Her observation, then, seemed at odds with her
own experience in an immigrant nation. When I pressed her further,s he
explained, "In America, everyone adapts to the beautiful local accent."
This was a revelation. Immigrants to the
US, it seemed, were expected to mould their speech to match the dominant
regional accent—a process that must have required immense effort. I had assumed
that linguistic pluralism was a given in all multicultural societies, but my
friend’s perspective suggested otherwise.
London, a city shaped by migration, had
long been relatively tolerant of different English accents. But I suspect this
tolerance was largely reserved for speakers from the former British
Empire—those who came from the vast network of ex-colonies that once
constituted the Commonwealth. The list is extensive: India, Pakistan, Hong
Kong, South Africa, Jamaica—the legacy of empire is scattered across the globe.
Many who were born in these territories
before their independence retained British nationality. I once heard from my
mother of an Indian lady at a language school for foreign learners of English
who insisted, unequivocally, "I am British." It was a statement of
identity, one that carried the weight of history.

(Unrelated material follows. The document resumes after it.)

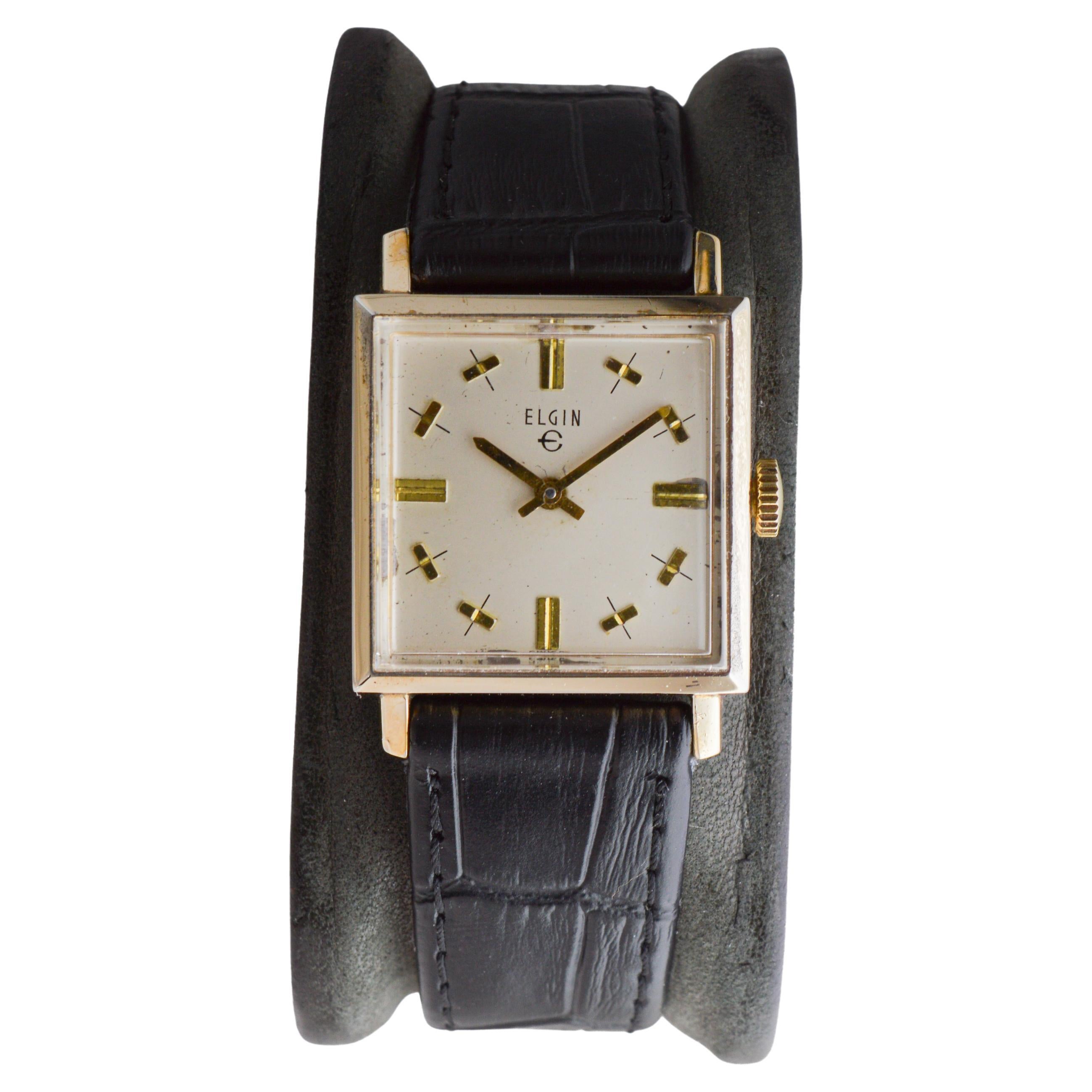 Elgin Mid Century Watch all Original with Original Box 1950's or 60's In Excellent Condition In Long Beach, CA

For Japan, the situation was entirely
different. The historical relationship between Britain and Japan was tenuous at
best—nothing like the deep colonial entanglements that bound Britain to its
former dominions. In the 1980s, many Britons couldn’t even distinguish between
Japanese and Hongkongers. Within that context, it was hardly surprising that
Japanese-accented English was not particularly well received. It simply did not
fit into Britain’s established linguistic order.
Now, more than twenty years into the new
millennium, I find myself wondering how language is spoken in Britain today.
Will I ever return to see it for myself? That remains uncertain. But as I
reflect on my time there, I can only hope that London has continued to make
space for immigrants to speak freely in English—whatever their accent may be.